# Top 10 Cryptarithmetic Questions With Answers 2023

If you think you are super smart at maths and if you are always looking for challenging problems then you should always try solving the Cryptarithmetic problems!

## What are Cryptarithmetic Problems?

If you are new to this concept or if you don’t know what that means then we have the answer you are looking for!
Cryptarithmetic problems are mathematical puzzles. But to make it a little different than others, here the digits would be changes old to alphabets. These kinds of questions are mostly asked in the many tech-savvy exams for recruiting candidates.

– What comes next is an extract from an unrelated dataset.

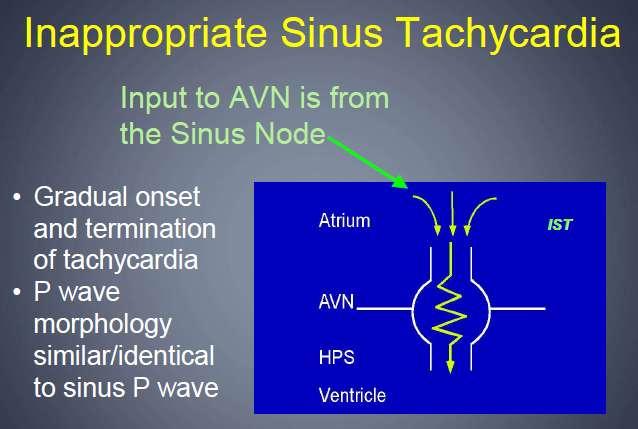 INAPPROPRIATE SINUS TACHYCARDIA a nonparoxysmal form of AT originating along the superior aspect of the crista terminalis (in the sinus node region ) rate > 100 bpm during the day,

In this article, we have picked some of the most commonly asked and some very challenging Cryptarithmetic questions for you. Do take a look at these questions and see if you can solve them it would be like a mini-challenge for all the mathematic enthusiastic out there.
Take a look at the following list of Cryptarithmetic questions and see if you can solve them or you need to practice more.
Rules:
-Each letter should have a unique and distinct value.

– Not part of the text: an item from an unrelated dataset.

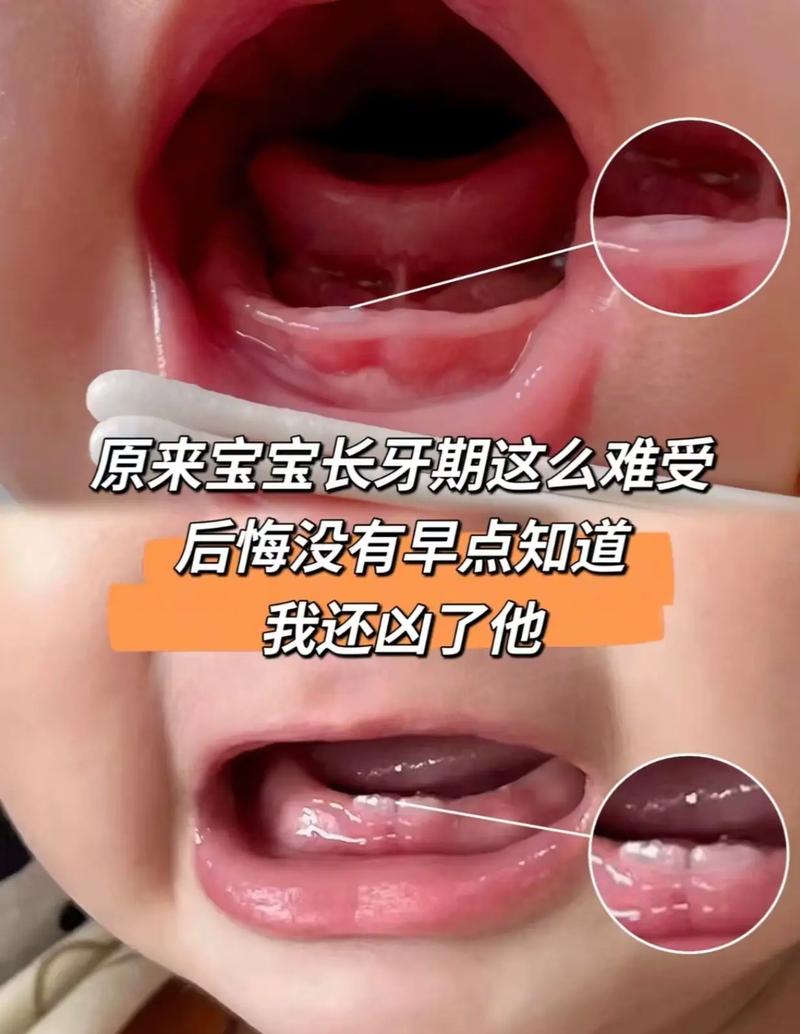 新生儿牙龈肿大是正常现象吗？需要干预吗？-第2张图片-郑州医学网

-Each letter represents only one digit throughout the problem.
-Numbers must not begin with zero. i.e. 0937 (wrong), 937 (correct).
-You have to find the value of each letter in the Cryptarithmetic.

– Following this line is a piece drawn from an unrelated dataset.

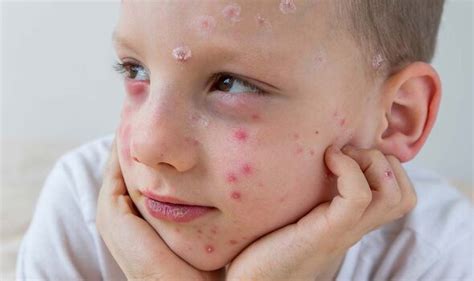 Koplik spots could be symptom of measles - what to look out for ...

-There must be only one solution to the problem.
-After replacing letters by their digits, the resulting arithmetic operations must be correct. [toc]

1.YOUR + YOU = HEART (Assume O = 4). Find the value of Y + U +R +E.
15
16
17
18
Ans:  3
Explanation:
Y   O  U  R
+          Y  O  U
———————–
H  E  A   R  T
————————
Given the value of O as 4, Y and E cannot be the same, so there should be a carry-over 1. 1 + Y = 10, so E will take 0 and H as 1.  O + Y = A (4 + 9 = 13) i.e. A = 3. Now, U + O (4) =R (which can only be a single digit number), U cannot take 5, 3, 4 and only possibility will be 2. If U is 2, then R will be 6. R + U = T, 6 + 2 = 8(T = 8). Hence, the value of Y + U + R + E = 9 + 2 + 6+ 0 = 17.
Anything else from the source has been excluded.